Seulement, Marianne et Jean-Paul ne se contentent pas de leur solitude. Les amants auxquels Romy Schneider et Alain Delon prêtent leur visage se piquent d’une compagnie imprévue. Comme pour pimenter la langueur des caresses, ou du moins titiller la jalousie de son beau ténébreux, la douce Marianne accueille à bras ouverts son vieil ami Harry Lannier, alias Maurice Ronet, lorsqu’il lui passe un coup de fil manifestant son intérêt pour la grande villa provençale. Et puisqu’un triangle amoureux n’est vraiment valable que s’il est carré, ledit Harry arrive en compagnie de sa fille, qui n’est pas n’importe quelle fille. Personne n’en avait entendu parler, mais elle a déjà dix-huit ans. Elle est incarnée par la frêle et sauvage Jane Birkin au pinacle de sa fraîcheur.

Il n’y a plus qu’à laisser les angles se rapprocher. L’antipathique Harry mène un double travail de fond, pour convoiter les charmes d’une Marianne qui en joue et s’attirer les foudres d’un Jean-Paul méfiant. La jalousie fonctionne, elle précipite l’histoire. Il n’y a qu’à ouvrir les yeux pour voir que Pénélope Lannier, fille de l’invité surprise, a tout pour séduire l’amoureux délaissé. Deux lignes se déplacent, l’intrigue progresse. Tandis que Marianne danse un slow avec Harry, dont elle a tout fait pour ne pas cacher qu’il aurait pu être son ancien amant, Jean-Paul se réfugie auprès de Pénélope, et enlace sa fine taille qui n’est plus vraiment celle d’une enfant. Les deux hommes jouent au combat de coqs et les femmes à tisser une complicité mère-fille. Mais au milieu de tous ces jeux, sous la candeur d’un azur égal, voilà que la scène fatale intervient.
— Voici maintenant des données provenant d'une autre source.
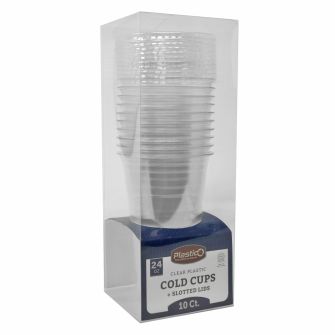 Plastico 24 oz. Cold Cups & Slotted Lids Combo - 10 ct.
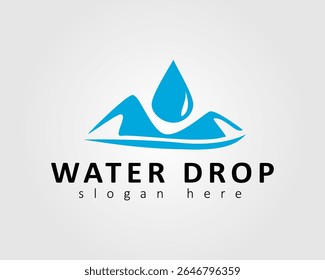 Gota de agua con vista Icono de concepto de montaña Empresa de negocios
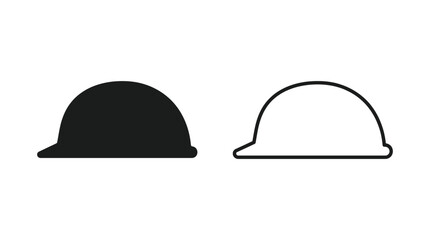 Fototapeta premium Construction helmet silhouette in black and line art style silhouette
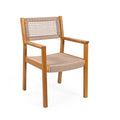 Braided Dining Chair Light Brown Light Brown,Teak Acacia Wood,Rope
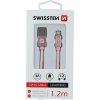 DÁTOVÝ KÁBEL SWISSTEN TEXTILE USB / LIGHTNING 1,2 M RUŽOVO/ZLATÝ
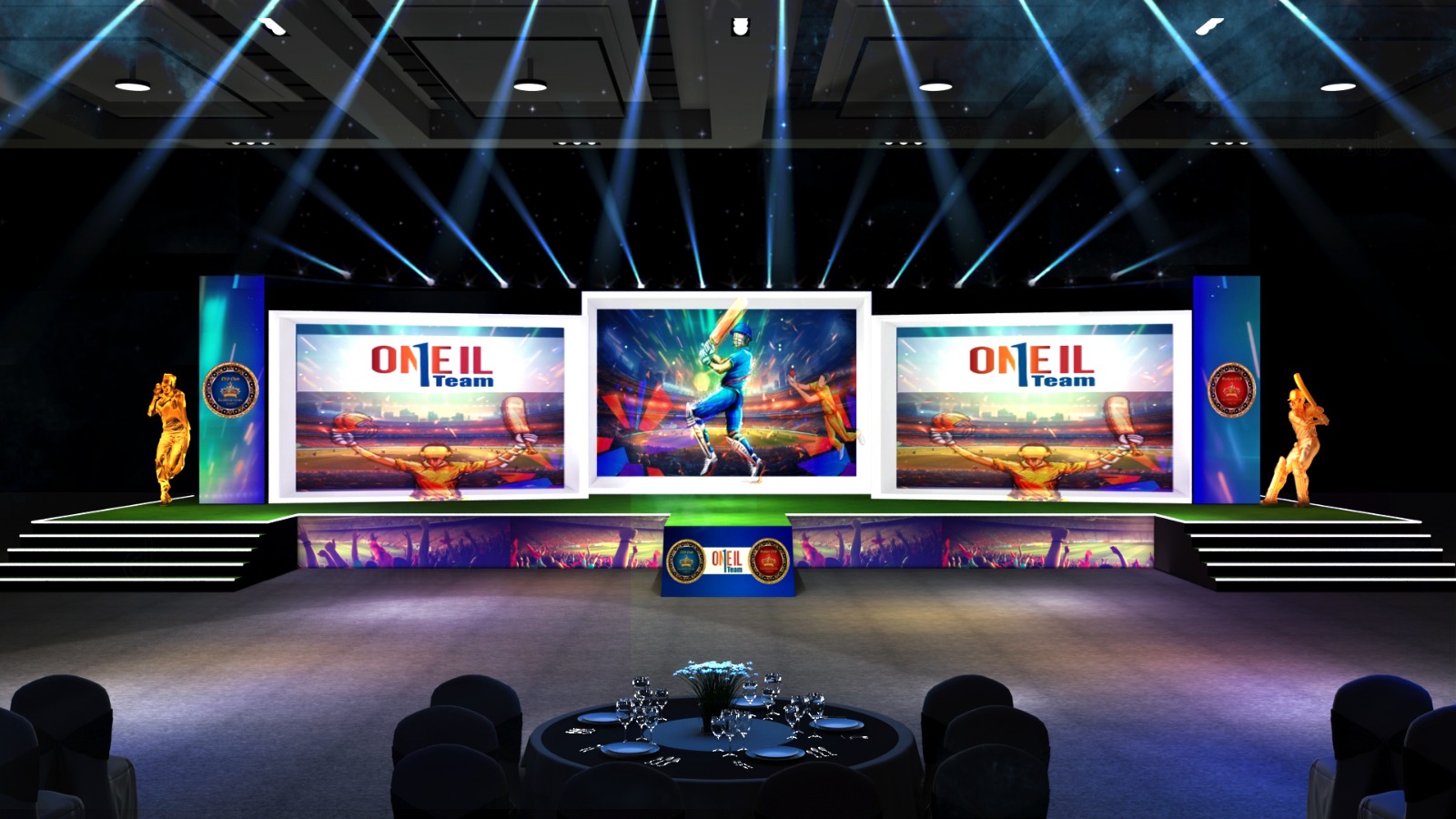 Dynamic event stage setup featuring high-definition LED walls and dramatic lighting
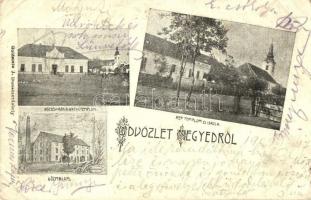 1909 Negyed, Neded; Református templom és iskola, Katolikus templom, községháza, gőzmalom. Goldstein J. kiadása / town hall, churches, school, mill (ázott sarok / wet corner)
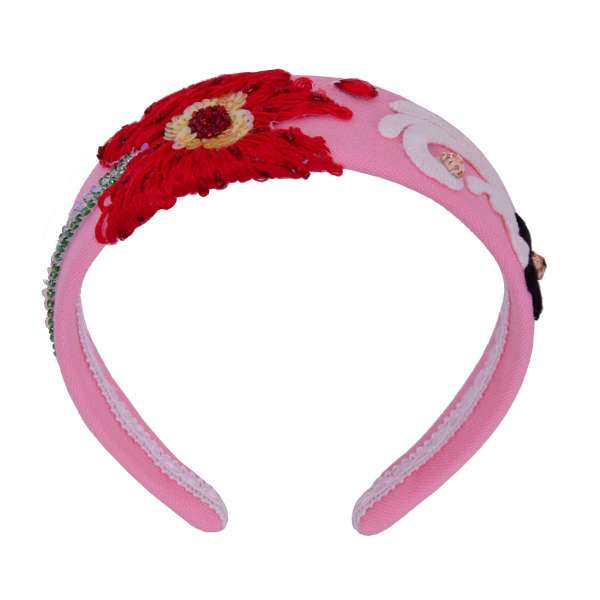 Mamma Collection Hairband embelished with embroidered Poppy in Red and Pink by DOLCE & GABBANA
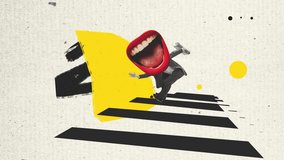 Freestyle. Stop motion, animation. Man in 50s, 60s fashion style clothes headed of female mouth, painted lips rides skateboard isolated on abstract background. Surrealism, creation - Powered by Shutterstock - Get 15% off with code: PIKWIZARD15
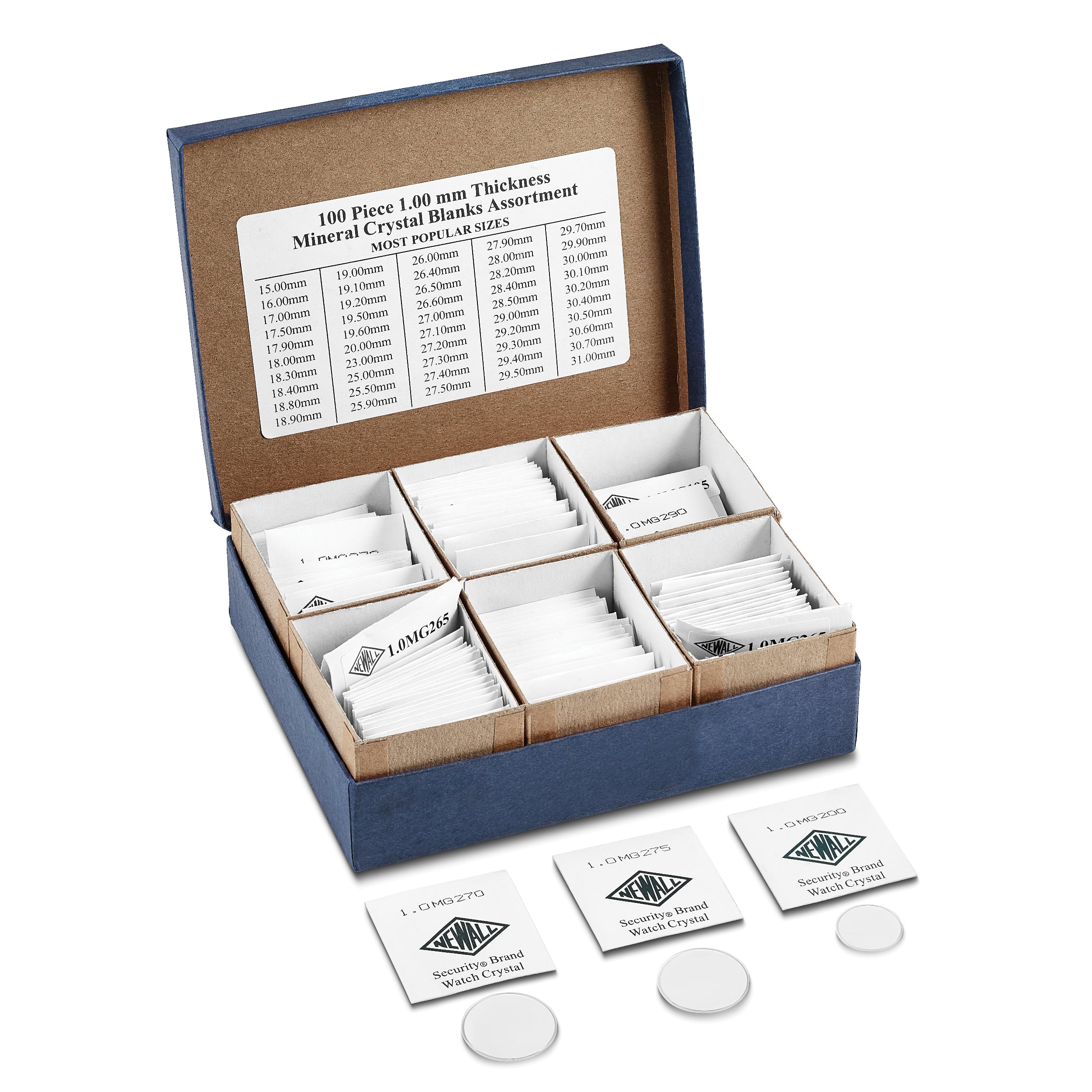 100-piece 1.00mm Flat Mineral Crystal Blanks Assortment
Ce n’est pas celle du meurtre, qui n’en est qu’une conséquence. Lorsque Jean-Paul tuera Harry en le noyant dans la piscine, les dés auront déjà été jetés. L’invité sera allé trop loin, il l’aura attaqué sur ses deux privilèges rien qu’à lui, l’écriture et l’amour, il aura refusé que sa fille puisse être emportée comme joli lot de consolation. En réalité, c’est peu avant le crime nocturne que tout se précipite. C’est l’après-midi, lorsque Jean-Paul et Pénélope partent faire un tour. Ici, la caméra joue à piéger nos regards. Elle ne montre rien de leur escapade au bord de la mer, elle suggère. Elle laisse tout en secret, souligne juste les effets. Quand Jean-Paul et Pénélope rentrent de la plage, ils rient comme des amants ivres de plaisir et la jeune fille a les cheveux mouillés. Mais que s’est-il passé entre eux, alors que l’œil de la caméra restait braqué sur les flirts de Marianne et Harry au bord de la piscine, c’est toute la question.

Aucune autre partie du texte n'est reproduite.